During the first 30 minutes, I remember beginning with feeling gratitude for all the teachers who have been on my path, and then praying for the wellbeing of the entire world: Love to All, Happiness to All, Peace to All, Abundance to All, Freedom to All.  Then aligned with a pure intention, dedicated to the benefit of all life, I began to repeat a mantra.  I began by imagining myself as supposedly separate, like a beam of the sun, the with each repetition of the mantra, it would remind me that I am actually united with the All, the Sun.  Once the mantra directed my awareness back to the essential Oneness and Unity of All, I would do my best to just allow a basking in that presence without any further mental activity.

When any thoughts did arise, I would take note as to what kind of thought they were.  According to Patanjali’s Yoga Sutras, there are essentially 5 kinds of thoughts: those of Right Knowledge, Misperception, Verbal Delusion, Memory, and Sleep (Perhaps I may expand upon these in another post).  The thoughts keep us from realizing our True Nature.  So whenever I noticed a thought arise, I would identify it as one of the 5 types of thoughts, and then I would replace it with the mantra, and allow the mantra to direct the awareness back inward to the silence and stillness.

Eventually, the mind became totally quiet.  I was essentially aware that I was not aware of anything.  Just a vast space that felt incredibly peaceful and profound.
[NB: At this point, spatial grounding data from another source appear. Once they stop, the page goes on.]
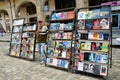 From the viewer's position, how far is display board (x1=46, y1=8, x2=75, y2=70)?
282 inches

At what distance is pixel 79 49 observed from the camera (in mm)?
6789

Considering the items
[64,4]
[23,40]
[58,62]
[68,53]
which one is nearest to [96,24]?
[68,53]

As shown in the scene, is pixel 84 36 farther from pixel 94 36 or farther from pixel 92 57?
pixel 92 57

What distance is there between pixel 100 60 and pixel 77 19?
164 cm

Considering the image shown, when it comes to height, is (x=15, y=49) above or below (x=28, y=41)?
below

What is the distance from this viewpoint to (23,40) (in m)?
9.84

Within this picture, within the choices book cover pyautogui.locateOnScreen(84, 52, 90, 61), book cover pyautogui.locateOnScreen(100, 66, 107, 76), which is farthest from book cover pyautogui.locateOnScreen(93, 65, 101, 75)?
book cover pyautogui.locateOnScreen(84, 52, 90, 61)

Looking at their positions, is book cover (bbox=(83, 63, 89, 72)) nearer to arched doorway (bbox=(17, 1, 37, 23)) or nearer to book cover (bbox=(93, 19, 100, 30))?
book cover (bbox=(93, 19, 100, 30))

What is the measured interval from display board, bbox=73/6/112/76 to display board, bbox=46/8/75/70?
1.07 ft

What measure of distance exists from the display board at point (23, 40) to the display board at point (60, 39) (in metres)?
1.51

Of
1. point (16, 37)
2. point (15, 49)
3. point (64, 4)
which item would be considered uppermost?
point (64, 4)

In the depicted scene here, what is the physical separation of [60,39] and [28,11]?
21.3m

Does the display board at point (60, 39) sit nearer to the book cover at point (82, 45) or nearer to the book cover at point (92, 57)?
the book cover at point (82, 45)

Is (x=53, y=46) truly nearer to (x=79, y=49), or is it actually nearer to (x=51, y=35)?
(x=51, y=35) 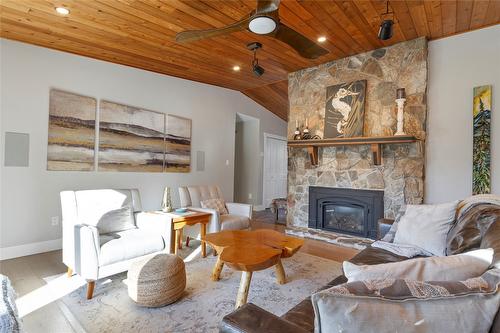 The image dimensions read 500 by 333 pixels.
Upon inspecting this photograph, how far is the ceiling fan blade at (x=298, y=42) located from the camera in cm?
214

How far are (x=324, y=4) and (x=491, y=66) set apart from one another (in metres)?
2.20

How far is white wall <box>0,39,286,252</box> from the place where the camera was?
3100mm

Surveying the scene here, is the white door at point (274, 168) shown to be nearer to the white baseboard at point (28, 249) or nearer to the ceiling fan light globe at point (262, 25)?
the white baseboard at point (28, 249)

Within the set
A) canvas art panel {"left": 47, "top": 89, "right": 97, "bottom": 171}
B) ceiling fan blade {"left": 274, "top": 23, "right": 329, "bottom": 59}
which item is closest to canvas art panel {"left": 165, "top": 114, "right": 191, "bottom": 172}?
canvas art panel {"left": 47, "top": 89, "right": 97, "bottom": 171}

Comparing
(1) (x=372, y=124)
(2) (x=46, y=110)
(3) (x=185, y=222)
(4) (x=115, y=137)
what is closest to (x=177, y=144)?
(4) (x=115, y=137)

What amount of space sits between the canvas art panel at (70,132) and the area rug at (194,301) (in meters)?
1.85

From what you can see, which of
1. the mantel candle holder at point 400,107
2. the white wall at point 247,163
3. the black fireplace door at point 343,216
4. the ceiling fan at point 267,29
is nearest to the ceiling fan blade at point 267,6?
the ceiling fan at point 267,29

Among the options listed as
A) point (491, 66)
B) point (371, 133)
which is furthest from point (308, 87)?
point (491, 66)

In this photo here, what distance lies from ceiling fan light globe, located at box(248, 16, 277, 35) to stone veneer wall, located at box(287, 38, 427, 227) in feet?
7.82

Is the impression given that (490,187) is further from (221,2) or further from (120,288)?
(120,288)

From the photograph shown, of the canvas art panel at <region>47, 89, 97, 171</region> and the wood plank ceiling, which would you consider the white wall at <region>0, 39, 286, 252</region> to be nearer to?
the canvas art panel at <region>47, 89, 97, 171</region>

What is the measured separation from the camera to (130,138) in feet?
13.6

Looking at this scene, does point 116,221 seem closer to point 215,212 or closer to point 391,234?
point 215,212

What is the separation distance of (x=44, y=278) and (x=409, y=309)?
122 inches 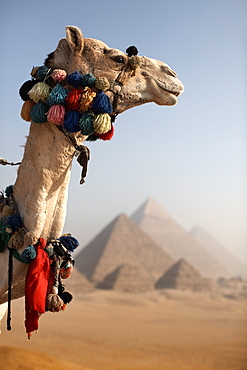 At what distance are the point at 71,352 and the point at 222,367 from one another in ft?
24.2

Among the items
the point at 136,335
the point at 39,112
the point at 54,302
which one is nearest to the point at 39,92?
the point at 39,112

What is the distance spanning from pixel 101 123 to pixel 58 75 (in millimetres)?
445

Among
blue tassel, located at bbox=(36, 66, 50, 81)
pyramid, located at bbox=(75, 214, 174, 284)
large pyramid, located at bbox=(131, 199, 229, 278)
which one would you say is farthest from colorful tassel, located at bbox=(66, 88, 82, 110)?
large pyramid, located at bbox=(131, 199, 229, 278)

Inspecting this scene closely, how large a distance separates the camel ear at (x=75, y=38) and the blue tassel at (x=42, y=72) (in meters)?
0.24

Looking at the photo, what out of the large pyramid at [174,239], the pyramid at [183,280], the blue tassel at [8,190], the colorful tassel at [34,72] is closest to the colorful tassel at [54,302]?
the blue tassel at [8,190]

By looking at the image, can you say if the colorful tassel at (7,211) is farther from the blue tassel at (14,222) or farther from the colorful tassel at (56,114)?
the colorful tassel at (56,114)

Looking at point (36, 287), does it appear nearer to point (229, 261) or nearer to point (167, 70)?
point (167, 70)

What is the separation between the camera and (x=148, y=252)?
93.6 m

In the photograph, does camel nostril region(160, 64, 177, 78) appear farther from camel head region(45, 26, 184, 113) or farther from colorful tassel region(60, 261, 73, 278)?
colorful tassel region(60, 261, 73, 278)

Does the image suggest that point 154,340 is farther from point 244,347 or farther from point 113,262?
point 113,262

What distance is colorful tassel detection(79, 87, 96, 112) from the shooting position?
3.11 meters

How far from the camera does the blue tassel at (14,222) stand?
125 inches

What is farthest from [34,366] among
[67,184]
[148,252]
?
[148,252]

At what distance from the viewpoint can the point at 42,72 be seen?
3.25m
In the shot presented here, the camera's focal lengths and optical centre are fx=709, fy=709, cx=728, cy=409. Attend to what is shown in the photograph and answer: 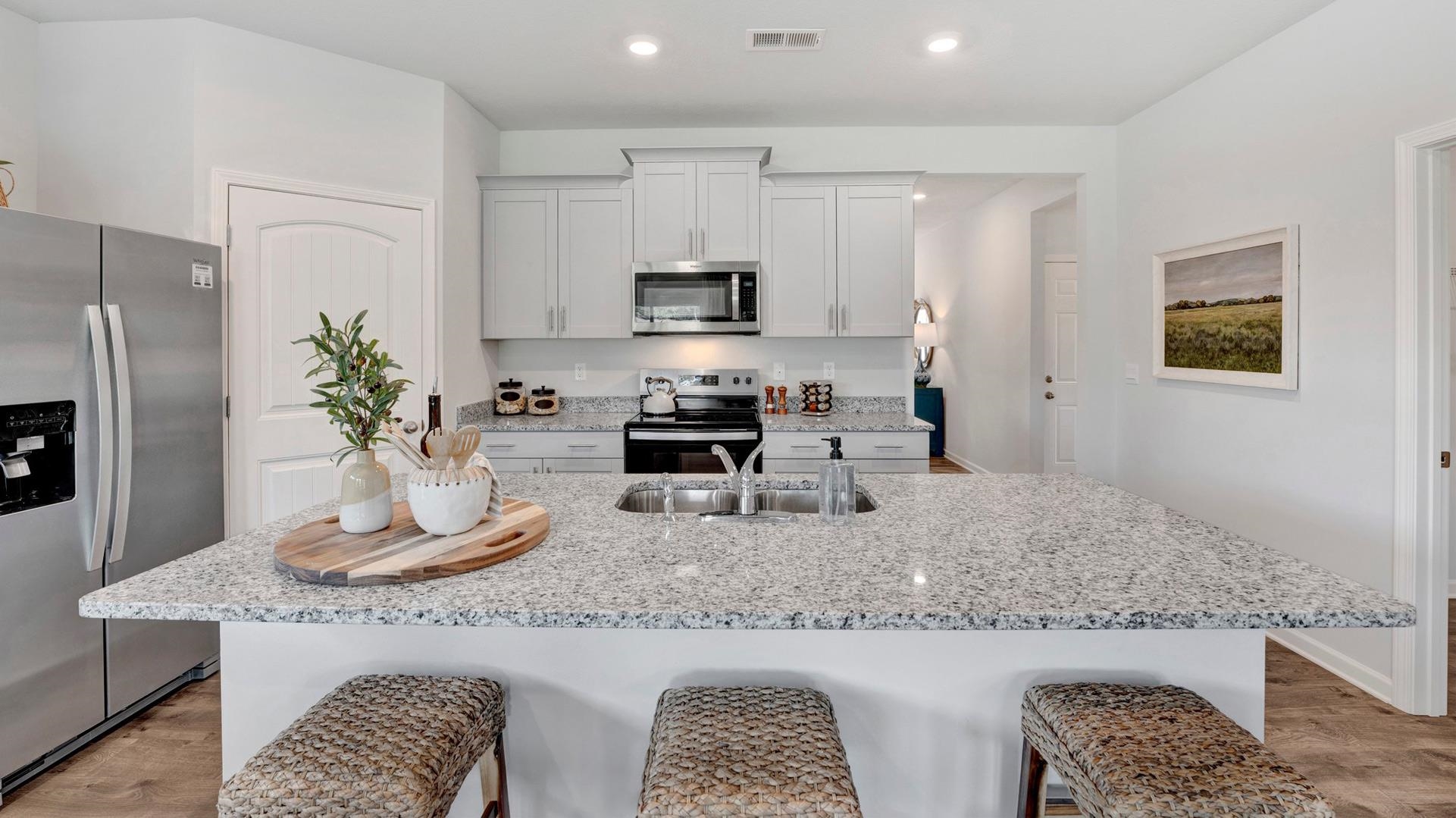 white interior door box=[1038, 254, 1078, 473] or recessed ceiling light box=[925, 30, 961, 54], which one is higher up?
recessed ceiling light box=[925, 30, 961, 54]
In the midst of the silence and stillness, the body began to feel incredibly warm.  Some part of ‘me’ registered that tremendous progress was being made.  I could feel warm energy traveling upward – and I even remember a sort of nervousness arising about the feeling of warmth.  That is when the ego piped up out of fear.

In a brief second, the ego mind communicated the following: “Hey, what are you doing?? You better stop meditating.  If you could keep this up, you’re going to sweat, and then your clothes are going to smell, and you’re going to have to do laundry!”
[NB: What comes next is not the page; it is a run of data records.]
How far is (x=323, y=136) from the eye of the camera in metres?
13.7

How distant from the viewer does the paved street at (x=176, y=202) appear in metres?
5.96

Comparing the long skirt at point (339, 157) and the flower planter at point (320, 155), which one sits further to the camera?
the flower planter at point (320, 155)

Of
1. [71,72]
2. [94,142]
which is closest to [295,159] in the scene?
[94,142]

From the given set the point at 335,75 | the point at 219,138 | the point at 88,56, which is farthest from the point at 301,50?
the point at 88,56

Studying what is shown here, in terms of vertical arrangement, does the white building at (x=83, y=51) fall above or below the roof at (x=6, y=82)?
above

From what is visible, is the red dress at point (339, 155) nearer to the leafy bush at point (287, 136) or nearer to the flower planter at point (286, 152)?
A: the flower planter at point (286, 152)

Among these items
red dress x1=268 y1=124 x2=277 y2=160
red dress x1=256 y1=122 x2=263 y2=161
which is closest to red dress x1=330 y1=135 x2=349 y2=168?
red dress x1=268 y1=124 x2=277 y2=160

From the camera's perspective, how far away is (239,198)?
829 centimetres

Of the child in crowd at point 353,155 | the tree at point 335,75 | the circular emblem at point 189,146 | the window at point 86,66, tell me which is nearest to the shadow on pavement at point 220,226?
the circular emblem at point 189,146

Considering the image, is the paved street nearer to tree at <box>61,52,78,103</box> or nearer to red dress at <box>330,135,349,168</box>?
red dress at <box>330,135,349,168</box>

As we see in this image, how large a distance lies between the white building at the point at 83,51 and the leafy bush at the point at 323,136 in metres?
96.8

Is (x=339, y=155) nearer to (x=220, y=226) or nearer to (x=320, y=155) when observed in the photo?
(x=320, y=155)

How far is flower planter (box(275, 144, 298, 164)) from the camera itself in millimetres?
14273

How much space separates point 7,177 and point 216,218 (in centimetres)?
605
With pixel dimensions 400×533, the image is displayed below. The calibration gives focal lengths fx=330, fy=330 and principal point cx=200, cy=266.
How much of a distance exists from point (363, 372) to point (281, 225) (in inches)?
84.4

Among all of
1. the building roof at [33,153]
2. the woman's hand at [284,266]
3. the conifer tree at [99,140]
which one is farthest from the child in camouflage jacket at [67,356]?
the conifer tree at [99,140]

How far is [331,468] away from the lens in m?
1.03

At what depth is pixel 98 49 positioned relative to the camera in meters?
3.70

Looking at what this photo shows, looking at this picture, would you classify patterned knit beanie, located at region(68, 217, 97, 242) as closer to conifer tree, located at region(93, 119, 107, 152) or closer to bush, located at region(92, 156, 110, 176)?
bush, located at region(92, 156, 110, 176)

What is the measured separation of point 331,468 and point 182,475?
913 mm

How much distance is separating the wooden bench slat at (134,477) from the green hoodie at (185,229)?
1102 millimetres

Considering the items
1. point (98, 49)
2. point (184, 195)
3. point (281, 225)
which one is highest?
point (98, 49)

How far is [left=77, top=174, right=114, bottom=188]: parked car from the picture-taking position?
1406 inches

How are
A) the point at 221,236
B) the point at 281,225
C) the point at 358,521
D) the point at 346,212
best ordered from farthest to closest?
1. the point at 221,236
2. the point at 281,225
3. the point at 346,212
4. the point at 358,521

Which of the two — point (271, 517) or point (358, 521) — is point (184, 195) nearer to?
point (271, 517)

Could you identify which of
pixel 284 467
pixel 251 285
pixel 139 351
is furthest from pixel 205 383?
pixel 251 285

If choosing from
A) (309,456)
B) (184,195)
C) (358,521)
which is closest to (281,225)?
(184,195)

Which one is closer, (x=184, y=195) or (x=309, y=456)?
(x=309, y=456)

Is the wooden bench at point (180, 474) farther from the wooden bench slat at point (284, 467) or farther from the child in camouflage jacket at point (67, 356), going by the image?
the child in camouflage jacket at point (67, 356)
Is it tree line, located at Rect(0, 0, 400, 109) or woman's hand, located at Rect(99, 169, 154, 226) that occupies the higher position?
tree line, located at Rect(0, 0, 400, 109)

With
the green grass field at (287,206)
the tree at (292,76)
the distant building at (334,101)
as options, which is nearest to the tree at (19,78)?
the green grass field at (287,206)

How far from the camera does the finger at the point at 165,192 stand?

Indeed, the ego will make up any story to try and stay alive.  Hehe, laundry!  Yes, the petty concern over laundry seemed to be holding ‘me’ back.

Thankfully, though, I was able to witness the ego’s whole story arise totally apart from what I really am, and I witnessed the whole stream of communication and saw the incredible comedy of it all.  I also could see the tenacity of the ego, clinging on to anything it could just to survive.
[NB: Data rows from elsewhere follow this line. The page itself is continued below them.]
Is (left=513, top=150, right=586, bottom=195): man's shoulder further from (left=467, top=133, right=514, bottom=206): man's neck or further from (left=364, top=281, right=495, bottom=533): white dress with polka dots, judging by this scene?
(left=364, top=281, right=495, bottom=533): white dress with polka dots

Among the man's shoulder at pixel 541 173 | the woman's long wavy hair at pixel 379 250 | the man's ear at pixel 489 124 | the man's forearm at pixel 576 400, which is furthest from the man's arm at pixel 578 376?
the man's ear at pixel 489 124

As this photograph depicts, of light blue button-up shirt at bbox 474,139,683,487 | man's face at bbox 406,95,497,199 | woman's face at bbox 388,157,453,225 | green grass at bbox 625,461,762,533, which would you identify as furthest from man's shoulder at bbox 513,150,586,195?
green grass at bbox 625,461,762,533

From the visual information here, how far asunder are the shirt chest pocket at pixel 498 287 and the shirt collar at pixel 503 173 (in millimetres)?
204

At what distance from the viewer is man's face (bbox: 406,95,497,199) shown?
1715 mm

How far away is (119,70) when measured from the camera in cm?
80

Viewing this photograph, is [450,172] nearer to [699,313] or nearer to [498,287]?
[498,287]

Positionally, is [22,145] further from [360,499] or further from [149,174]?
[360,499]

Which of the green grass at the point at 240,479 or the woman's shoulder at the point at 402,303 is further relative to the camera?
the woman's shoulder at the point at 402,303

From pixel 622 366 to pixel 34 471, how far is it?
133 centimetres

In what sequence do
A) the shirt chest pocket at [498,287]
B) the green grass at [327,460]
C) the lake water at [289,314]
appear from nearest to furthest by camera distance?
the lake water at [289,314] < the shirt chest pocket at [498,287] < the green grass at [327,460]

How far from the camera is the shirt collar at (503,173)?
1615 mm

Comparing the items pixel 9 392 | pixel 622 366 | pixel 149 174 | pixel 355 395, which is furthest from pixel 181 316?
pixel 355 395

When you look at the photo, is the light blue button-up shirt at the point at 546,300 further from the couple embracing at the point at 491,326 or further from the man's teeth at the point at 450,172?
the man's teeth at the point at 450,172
Note, at this point in the meditation, it was probably around 10 pm, and the other two meditators had left.

When the ego mind thoughts arose about stopping the meditation because of an aversion to doing laundry – with a crystal clear distinction that I was not any of that, but more like the witness to it – the little human animal started to both laugh and cry.  It was a beautiful moment of awareness.  To be able to clear watch the ego mind function independently without ‘me’ being involved in it at all – just doing whatever it can to perpetuate its own survival.  To be able to see that whatever the mind is doing, it is really just doing on its own. It doesn’t require me to do anything!  Quite the liberating and joyful moment.

From that point forward in the meditation, I continued to sit for another 30 minutes or so, with a clear awareness of simply witnessing any mental activity and witnessing the human animal.

Around 1030 pm or so, after much more laughing and joyful crying, it felt time to leave the meditation and go to bed.  But now, wherever the awareness was, it was clear the human animal and mind were just doing their own thing.  They were immersed in playing some game you might call living in NYC and being nanny.  Whatever they did, it was not me.  I was the witness.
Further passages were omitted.